--- GIVEN ENTRIES Enclosed Below ---
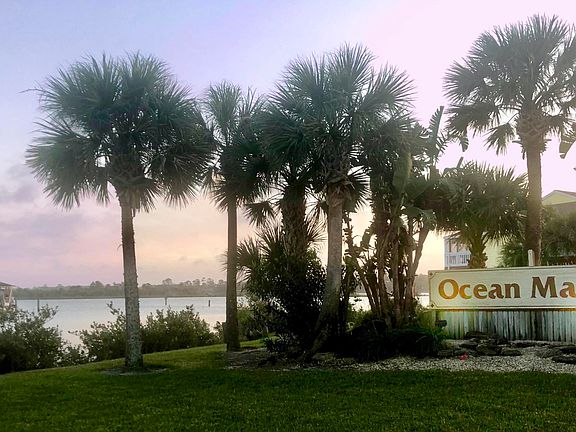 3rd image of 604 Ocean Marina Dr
--- End of Enclosed GIVEN ENTRIES ---
--- GIVEN ENTRIES Enclosed Below ---
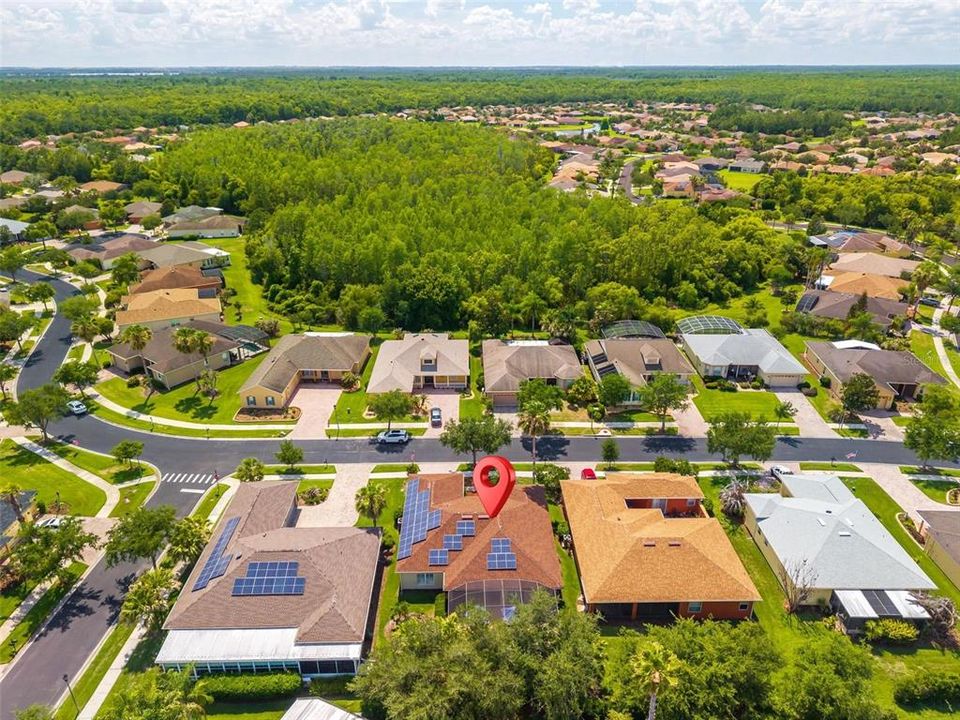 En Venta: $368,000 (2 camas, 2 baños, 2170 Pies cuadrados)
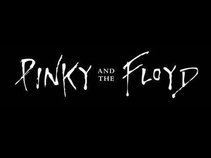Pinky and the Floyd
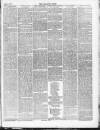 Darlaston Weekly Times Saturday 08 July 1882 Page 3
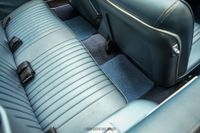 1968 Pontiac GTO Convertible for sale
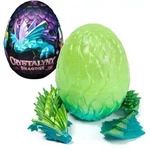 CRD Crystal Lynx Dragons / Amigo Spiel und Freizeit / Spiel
--- End of Enclosed GIVEN ENTRIES ---
◆ INSTRUCTIONS FOR THE TASK:
Within the listing above, print exactly the stretch beginning at the line that contains "Pinky and the Floyd" and finishing at the line that contains "CRD Crystal Lynx", ends kept, pictures left out, and nothing more.

◆ FINAL ANSWER:
Pinky and the Floyd
 Darlaston Weekly Times Saturday 08 July 1882 Page 3
 1968 Pontiac GTO Convertible for sale
 CRD Crystal Lynx Dragons / Amigo Spiel und Freizeit / Spiel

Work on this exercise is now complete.